Full pipeline file example is at the bottom of this post, but here is a snippet of the cleanWs() portion I've added to the existing Pipeline:

post {
  always {
    cleanWs(
      deleteDirs: true,
      notFailBuild: true,
      patterns: [
        [pattern: '.venv', type: 'EXCLUDE'],
        [pattern: '.venv/**', type: 'EXCLUDE']
      ]
    )
  }
}

HERE IS THE ISSUE:

  • The first time the job runs, it works perfectly fine and the workspace cleanup works as expected. The .venv/ directory is retained as expected.

  • (problem) On subsequent runs of the job, poetry will re-install all the packages and will not re-use the .venv directory:

    Creating virtualenv test in /data/jenkins_home/workspace/test-cleanup/.venv — This forces a full re-download of every package, even though .venv already exists. It's been confirmed that /data/jenkins_home/workspace/test-cleanup/.venv already exists before the job runs.

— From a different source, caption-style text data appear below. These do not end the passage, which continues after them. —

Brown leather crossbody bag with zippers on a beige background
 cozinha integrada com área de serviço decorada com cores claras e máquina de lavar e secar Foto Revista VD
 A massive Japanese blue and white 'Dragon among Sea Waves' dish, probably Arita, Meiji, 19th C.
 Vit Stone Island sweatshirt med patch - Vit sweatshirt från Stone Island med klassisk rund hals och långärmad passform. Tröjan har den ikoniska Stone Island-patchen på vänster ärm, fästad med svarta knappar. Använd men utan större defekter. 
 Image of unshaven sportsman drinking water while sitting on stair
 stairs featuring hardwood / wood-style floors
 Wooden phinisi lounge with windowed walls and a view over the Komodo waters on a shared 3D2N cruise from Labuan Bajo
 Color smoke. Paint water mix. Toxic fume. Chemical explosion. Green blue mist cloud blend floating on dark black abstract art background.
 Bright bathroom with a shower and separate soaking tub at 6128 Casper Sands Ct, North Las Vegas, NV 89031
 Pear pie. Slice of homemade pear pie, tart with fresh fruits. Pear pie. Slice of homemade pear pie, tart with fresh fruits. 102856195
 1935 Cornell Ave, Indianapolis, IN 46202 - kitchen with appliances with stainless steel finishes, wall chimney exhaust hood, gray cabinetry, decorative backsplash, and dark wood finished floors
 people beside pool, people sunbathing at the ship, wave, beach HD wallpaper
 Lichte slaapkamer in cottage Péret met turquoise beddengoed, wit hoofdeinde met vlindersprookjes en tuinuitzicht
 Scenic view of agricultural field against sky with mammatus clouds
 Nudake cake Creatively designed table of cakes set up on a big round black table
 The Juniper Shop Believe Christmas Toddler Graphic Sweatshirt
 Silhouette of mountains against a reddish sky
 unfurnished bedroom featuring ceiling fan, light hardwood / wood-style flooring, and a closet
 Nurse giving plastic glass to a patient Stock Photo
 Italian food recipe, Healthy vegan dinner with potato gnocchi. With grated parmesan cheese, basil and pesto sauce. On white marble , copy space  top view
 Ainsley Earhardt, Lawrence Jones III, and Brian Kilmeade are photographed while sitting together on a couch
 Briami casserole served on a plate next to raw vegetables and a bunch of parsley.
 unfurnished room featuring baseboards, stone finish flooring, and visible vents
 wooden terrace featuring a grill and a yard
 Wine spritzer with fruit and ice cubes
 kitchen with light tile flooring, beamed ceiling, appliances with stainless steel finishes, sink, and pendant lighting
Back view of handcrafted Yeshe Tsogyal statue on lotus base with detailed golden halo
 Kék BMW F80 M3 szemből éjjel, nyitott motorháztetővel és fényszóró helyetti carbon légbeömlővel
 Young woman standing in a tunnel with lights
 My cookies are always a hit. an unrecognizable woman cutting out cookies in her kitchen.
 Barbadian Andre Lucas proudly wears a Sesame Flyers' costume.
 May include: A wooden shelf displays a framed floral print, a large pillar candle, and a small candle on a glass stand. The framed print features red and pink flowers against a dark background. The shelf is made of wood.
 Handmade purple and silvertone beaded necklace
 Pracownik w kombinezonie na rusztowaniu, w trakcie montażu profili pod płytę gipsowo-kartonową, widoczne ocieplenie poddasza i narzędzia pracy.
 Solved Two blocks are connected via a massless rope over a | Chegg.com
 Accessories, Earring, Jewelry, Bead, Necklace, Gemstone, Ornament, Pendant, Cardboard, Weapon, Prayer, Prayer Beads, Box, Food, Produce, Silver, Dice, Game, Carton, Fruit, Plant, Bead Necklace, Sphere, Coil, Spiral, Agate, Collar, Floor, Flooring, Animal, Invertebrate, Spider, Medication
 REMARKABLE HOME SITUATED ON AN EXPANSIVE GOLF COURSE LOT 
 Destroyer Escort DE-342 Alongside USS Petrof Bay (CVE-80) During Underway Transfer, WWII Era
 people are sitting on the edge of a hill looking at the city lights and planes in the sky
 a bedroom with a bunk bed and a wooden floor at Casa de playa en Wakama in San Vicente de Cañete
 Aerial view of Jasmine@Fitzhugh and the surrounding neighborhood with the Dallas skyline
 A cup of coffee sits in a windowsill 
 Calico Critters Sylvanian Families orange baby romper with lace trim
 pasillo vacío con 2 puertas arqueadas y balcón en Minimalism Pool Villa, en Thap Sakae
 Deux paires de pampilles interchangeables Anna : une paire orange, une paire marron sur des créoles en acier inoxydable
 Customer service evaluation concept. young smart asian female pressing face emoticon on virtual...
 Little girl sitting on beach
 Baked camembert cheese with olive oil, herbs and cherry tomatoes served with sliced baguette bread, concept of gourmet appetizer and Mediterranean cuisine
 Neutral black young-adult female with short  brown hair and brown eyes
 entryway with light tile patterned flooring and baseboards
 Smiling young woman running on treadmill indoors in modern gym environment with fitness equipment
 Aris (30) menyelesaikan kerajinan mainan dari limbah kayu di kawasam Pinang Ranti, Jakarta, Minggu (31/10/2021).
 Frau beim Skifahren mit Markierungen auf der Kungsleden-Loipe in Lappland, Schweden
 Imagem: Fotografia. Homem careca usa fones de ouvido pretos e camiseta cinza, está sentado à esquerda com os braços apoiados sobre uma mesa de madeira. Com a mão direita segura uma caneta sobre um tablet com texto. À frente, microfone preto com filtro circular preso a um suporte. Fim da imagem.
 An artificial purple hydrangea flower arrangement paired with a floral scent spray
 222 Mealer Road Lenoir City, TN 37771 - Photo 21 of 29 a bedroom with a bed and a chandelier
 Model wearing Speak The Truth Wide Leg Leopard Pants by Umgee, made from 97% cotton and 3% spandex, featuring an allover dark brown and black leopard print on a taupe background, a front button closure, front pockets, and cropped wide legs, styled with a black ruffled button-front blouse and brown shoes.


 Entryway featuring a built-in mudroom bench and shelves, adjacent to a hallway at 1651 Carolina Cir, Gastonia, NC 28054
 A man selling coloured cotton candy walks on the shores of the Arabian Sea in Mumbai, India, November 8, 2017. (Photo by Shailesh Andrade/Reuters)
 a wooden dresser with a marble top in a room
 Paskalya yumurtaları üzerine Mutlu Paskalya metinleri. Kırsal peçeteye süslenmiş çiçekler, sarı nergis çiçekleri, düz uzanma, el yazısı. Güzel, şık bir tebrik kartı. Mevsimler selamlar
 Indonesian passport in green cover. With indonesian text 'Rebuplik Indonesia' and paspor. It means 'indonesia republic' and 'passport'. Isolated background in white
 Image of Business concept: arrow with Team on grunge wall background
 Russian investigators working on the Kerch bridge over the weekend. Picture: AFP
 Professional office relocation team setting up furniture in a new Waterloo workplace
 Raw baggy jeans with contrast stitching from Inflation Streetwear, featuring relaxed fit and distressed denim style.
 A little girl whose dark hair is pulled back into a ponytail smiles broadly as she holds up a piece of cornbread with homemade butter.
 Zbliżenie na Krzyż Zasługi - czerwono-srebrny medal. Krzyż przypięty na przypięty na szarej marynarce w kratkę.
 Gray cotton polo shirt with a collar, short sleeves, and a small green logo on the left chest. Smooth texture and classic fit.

  • Here is the strange part: If I go to the workspace dir manually on the Jenkins server and run the exact same command poetry install it works as expected, the .venv is reused and all the packages are not reinstalled. So there is something specific about the way it's handled running in the job that's making it want to recreate the .venv dir.

NOTE that in-project = true is already set for Poetry. So it will always try to use .venv within the current working directory.


EXAMPLES:

Here is a simple example pipeline that works as expected. When poetry install step runs, it does not re-download all the packages every time the job runs, only the first time, or if there is a diff:

pipeline {

  agent any

  stages {

    stage("Prep Build Environment") {
      steps {

        script {
          scmVars = git branch: "main", poll: false, url: "[email protected]:my-org/private-repo.git"
        }

        sh "poetry install"
      }
    }
  }
}

Here is the new Jenkinsfile pipeline file with cleanWs() added. After this was added, the project will no longer re-use the .venv on each run, even though it still exists:

pipeline {

  agent any

  stages {

    stage("Prep Build Environment") {
      steps {

        script {
          scmVars = git branch: "main", poll: false, url: "[email protected]:my-org/private-repo.git"
        }

        sh "poetry install"
      }
    }
  }

  post {
    always {
      cleanWs(
        deleteDirs: true,
        notFailBuild: true,
        patterns: [
          [pattern: '.venv', type: 'EXCLUDE'],
          [pattern: '.venv/**', type: 'EXCLUDE']
        ]
      )
    }
  }

}

Best Answer

Typically a Jenkins Pipeline will clean the workspace at the start of a build, which is why .venv folder exists after the build runs but not when running the virtualenv step during the next build.

If you want to cache or retain some files between builds, the most reliable way to do so is to store those files outside of the workspace. You need to be extremely careful with this, however, because simultaneously running builds accessing the same files can lead to resource contention and race conditions and corrupted files.